◆ **EXERCISE DETAILS**: Each record must be printed exactly as given.

"""

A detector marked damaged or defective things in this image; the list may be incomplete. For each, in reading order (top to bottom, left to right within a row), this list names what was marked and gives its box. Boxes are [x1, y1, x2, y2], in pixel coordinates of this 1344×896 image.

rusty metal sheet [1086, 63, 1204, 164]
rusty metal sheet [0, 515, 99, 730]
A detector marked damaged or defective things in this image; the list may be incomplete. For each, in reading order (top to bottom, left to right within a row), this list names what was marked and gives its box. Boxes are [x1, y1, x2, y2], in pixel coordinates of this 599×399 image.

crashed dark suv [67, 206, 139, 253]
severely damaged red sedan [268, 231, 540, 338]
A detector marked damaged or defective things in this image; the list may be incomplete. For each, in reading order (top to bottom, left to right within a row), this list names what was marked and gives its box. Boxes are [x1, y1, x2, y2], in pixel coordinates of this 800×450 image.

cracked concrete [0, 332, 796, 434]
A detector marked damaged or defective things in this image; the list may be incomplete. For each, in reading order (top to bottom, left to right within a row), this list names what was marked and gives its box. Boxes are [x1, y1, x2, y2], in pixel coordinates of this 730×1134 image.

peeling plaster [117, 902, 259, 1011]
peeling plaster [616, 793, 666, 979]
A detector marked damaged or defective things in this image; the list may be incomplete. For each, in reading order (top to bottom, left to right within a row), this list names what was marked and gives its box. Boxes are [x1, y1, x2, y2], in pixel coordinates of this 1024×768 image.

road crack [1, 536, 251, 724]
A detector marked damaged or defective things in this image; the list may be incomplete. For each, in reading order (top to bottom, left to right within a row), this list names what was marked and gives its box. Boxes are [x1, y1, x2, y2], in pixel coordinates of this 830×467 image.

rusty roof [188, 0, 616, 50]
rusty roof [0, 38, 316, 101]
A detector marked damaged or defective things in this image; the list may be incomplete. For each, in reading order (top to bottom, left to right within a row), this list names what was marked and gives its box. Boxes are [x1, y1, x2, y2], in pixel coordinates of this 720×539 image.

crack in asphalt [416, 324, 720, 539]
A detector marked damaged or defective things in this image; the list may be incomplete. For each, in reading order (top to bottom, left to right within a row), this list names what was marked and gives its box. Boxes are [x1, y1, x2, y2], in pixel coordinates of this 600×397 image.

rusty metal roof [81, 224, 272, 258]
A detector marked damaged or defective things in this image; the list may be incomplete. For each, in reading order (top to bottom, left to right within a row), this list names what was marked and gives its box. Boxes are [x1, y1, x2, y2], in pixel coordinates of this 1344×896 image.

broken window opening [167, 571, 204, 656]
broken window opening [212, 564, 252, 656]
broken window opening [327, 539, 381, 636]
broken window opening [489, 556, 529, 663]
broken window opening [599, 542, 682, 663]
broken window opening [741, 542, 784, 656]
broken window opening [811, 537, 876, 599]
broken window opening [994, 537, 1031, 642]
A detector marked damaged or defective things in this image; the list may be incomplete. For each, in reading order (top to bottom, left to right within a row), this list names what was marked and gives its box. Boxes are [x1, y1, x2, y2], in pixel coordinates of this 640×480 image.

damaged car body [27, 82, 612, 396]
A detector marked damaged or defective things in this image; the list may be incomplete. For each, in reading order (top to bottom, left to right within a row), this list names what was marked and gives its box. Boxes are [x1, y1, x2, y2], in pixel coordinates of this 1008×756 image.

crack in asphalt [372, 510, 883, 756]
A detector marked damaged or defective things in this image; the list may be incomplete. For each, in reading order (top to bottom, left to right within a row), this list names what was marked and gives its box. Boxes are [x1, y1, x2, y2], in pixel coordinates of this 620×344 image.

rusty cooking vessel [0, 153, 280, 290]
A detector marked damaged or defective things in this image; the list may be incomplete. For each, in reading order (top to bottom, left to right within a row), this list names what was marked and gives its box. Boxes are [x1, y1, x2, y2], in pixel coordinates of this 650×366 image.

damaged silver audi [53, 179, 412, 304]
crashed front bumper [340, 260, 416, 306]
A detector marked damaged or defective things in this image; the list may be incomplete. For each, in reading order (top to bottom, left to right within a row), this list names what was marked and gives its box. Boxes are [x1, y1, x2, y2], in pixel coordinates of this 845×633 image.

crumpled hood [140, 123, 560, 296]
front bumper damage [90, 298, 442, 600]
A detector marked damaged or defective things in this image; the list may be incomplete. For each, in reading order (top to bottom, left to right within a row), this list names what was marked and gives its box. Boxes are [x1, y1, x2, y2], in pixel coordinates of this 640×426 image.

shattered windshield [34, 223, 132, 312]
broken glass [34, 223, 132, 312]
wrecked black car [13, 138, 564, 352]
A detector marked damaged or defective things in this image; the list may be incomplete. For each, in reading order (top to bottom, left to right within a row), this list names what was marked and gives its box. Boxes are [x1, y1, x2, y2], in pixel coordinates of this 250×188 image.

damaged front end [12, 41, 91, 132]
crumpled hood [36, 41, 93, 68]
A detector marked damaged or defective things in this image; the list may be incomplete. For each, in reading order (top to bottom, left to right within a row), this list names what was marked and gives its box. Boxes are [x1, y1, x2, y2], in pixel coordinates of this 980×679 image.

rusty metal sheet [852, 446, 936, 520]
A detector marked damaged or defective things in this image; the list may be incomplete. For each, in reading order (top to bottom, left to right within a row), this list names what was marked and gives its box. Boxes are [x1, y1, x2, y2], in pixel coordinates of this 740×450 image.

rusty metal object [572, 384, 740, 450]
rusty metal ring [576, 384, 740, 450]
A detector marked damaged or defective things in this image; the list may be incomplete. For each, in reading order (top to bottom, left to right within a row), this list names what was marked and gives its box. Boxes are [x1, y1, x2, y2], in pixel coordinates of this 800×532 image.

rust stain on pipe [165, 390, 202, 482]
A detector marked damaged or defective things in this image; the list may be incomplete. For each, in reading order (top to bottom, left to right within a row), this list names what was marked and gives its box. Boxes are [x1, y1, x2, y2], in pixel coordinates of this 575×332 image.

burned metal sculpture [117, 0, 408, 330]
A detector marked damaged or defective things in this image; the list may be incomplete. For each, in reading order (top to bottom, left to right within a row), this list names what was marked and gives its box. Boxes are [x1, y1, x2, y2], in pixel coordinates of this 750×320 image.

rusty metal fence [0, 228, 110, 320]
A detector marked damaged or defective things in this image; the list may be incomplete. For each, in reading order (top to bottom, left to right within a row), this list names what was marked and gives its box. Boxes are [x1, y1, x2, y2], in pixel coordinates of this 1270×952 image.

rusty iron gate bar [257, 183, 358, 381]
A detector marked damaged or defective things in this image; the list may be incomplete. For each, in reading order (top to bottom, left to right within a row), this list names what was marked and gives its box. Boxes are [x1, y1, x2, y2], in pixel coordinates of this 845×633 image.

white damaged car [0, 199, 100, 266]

"""

◆ **TASK RESULT**:
A detector marked damaged or defective things in this image; the list may be incomplete. For each, in reading order (top to bottom, left to right within a row), this list names what was marked and gives its box. Boxes are [x1, y1, x2, y2], in pixel coordinates of this 1344×896 image.

rusty metal sheet [1086, 63, 1204, 164]
rusty metal sheet [0, 515, 99, 730]
A detector marked damaged or defective things in this image; the list may be incomplete. For each, in reading order (top to bottom, left to right within a row), this list names what was marked and gives its box. Boxes are [x1, y1, x2, y2], in pixel coordinates of this 599×399 image.

crashed dark suv [67, 206, 139, 253]
severely damaged red sedan [268, 231, 540, 338]
A detector marked damaged or defective things in this image; the list may be incomplete. For each, in reading order (top to bottom, left to right within a row), this list names what was marked and gives its box. Boxes are [x1, y1, x2, y2], in pixel coordinates of this 800×450 image.

cracked concrete [0, 332, 796, 434]
A detector marked damaged or defective things in this image; the list may be incomplete. For each, in reading order (top to bottom, left to right within a row), this list names what was marked and gives its box. Boxes are [x1, y1, x2, y2], in pixel coordinates of this 730×1134 image.

peeling plaster [117, 902, 259, 1011]
peeling plaster [616, 793, 666, 979]
A detector marked damaged or defective things in this image; the list may be incomplete. For each, in reading order (top to bottom, left to right within a row), this list names what was marked and gives its box. Boxes are [x1, y1, x2, y2], in pixel coordinates of this 1024×768 image.

road crack [1, 536, 251, 724]
A detector marked damaged or defective things in this image; the list may be incomplete. For each, in reading order (top to bottom, left to right within a row), this list names what was marked and gives its box. Boxes are [x1, y1, x2, y2], in pixel coordinates of this 830×467 image.

rusty roof [188, 0, 616, 50]
rusty roof [0, 38, 316, 101]
A detector marked damaged or defective things in this image; the list may be incomplete. For each, in reading order (top to bottom, left to right within a row), this list names what was marked and gives its box. Boxes are [x1, y1, x2, y2], in pixel coordinates of this 720×539 image.

crack in asphalt [416, 324, 720, 539]
A detector marked damaged or defective things in this image; the list may be incomplete. For each, in reading order (top to bottom, left to right within a row), this list names what was marked and gives its box. Boxes are [x1, y1, x2, y2], in pixel coordinates of this 600×397 image.

rusty metal roof [81, 224, 272, 258]
A detector marked damaged or defective things in this image; the list may be incomplete. For each, in reading order (top to bottom, left to right within a row), this list names what was marked and gives its box. Boxes are [x1, y1, x2, y2], in pixel coordinates of this 1344×896 image.

broken window opening [167, 571, 204, 656]
broken window opening [212, 564, 252, 656]
broken window opening [327, 539, 381, 636]
broken window opening [489, 556, 529, 663]
broken window opening [599, 542, 682, 663]
broken window opening [741, 542, 784, 656]
broken window opening [811, 537, 876, 599]
broken window opening [994, 537, 1031, 642]
A detector marked damaged or defective things in this image; the list may be incomplete. For each, in reading order (top to bottom, left to right within a row), this list names what was marked and gives its box. Boxes are [x1, y1, x2, y2], in pixel coordinates of this 640×480 image.

damaged car body [27, 82, 612, 396]
A detector marked damaged or defective things in this image; the list may be incomplete. For each, in reading order (top to bottom, left to right within a row), this list names what was marked and gives its box. Boxes are [x1, y1, x2, y2], in pixel coordinates of this 1008×756 image.

crack in asphalt [372, 510, 883, 756]
A detector marked damaged or defective things in this image; the list may be incomplete. For each, in reading order (top to bottom, left to right within a row), this list names what was marked and gives its box. Boxes are [x1, y1, x2, y2], in pixel coordinates of this 620×344 image.

rusty cooking vessel [0, 153, 280, 290]
A detector marked damaged or defective things in this image; the list may be incomplete. For each, in reading order (top to bottom, left to right within a row), this list names what was marked and gives its box. Boxes are [x1, y1, x2, y2], in pixel coordinates of this 650×366 image.

damaged silver audi [53, 179, 412, 304]
crashed front bumper [340, 260, 416, 306]
A detector marked damaged or defective things in this image; the list may be incomplete. For each, in reading order (top to bottom, left to right within a row), this list names what was marked and gives its box. Boxes are [x1, y1, x2, y2], in pixel coordinates of this 845×633 image.

crumpled hood [140, 123, 560, 296]
front bumper damage [90, 298, 442, 600]
A detector marked damaged or defective things in this image; the list may be incomplete. For each, in reading order (top to bottom, left to right within a row), this list names what was marked and gives its box. Boxes are [x1, y1, x2, y2], in pixel coordinates of this 640×426 image.

shattered windshield [34, 223, 132, 312]
broken glass [34, 223, 132, 312]
wrecked black car [13, 138, 564, 352]
A detector marked damaged or defective things in this image; the list may be incomplete. For each, in reading order (top to bottom, left to right within a row), this list names what was marked and gives its box. Boxes are [x1, y1, x2, y2], in pixel coordinates of this 250×188 image.

damaged front end [12, 41, 91, 132]
crumpled hood [36, 41, 93, 68]
A detector marked damaged or defective things in this image; the list may be incomplete. For each, in reading order (top to bottom, left to right within a row), this list names what was marked and gives its box. Boxes are [x1, y1, x2, y2], in pixel coordinates of this 980×679 image.

rusty metal sheet [852, 446, 936, 520]
A detector marked damaged or defective things in this image; the list may be incomplete. For each, in reading order (top to bottom, left to right within a row), this list names what was marked and gives its box. Boxes are [x1, y1, x2, y2], in pixel coordinates of this 740×450 image.

rusty metal object [572, 384, 740, 450]
rusty metal ring [576, 384, 740, 450]
A detector marked damaged or defective things in this image; the list may be incomplete. For each, in reading order (top to bottom, left to right within a row), this list names what was marked and gives its box. Boxes are [x1, y1, x2, y2], in pixel coordinates of this 800×532 image.

rust stain on pipe [165, 390, 202, 482]
A detector marked damaged or defective things in this image; the list may be incomplete. For each, in reading order (top to bottom, left to right within a row), this list names what was marked and gives its box. Boxes are [x1, y1, x2, y2], in pixel coordinates of this 575×332 image.

burned metal sculpture [117, 0, 408, 330]
A detector marked damaged or defective things in this image; the list may be incomplete. For each, in reading order (top to bottom, left to right within a row), this list names what was marked and gives its box. Boxes are [x1, y1, x2, y2], in pixel coordinates of this 750×320 image.

rusty metal fence [0, 228, 110, 320]
A detector marked damaged or defective things in this image; the list may be incomplete. For each, in reading order (top to bottom, left to right within a row), this list names what was marked and gives its box. Boxes are [x1, y1, x2, y2], in pixel coordinates of this 1270×952 image.

rusty iron gate bar [257, 183, 358, 381]
A detector marked damaged or defective things in this image; the list may be incomplete. For each, in reading order (top to bottom, left to right within a row), this list names what was marked and gives its box. Boxes are [x1, y1, x2, y2], in pixel coordinates of this 845×633 image.

white damaged car [0, 199, 100, 266]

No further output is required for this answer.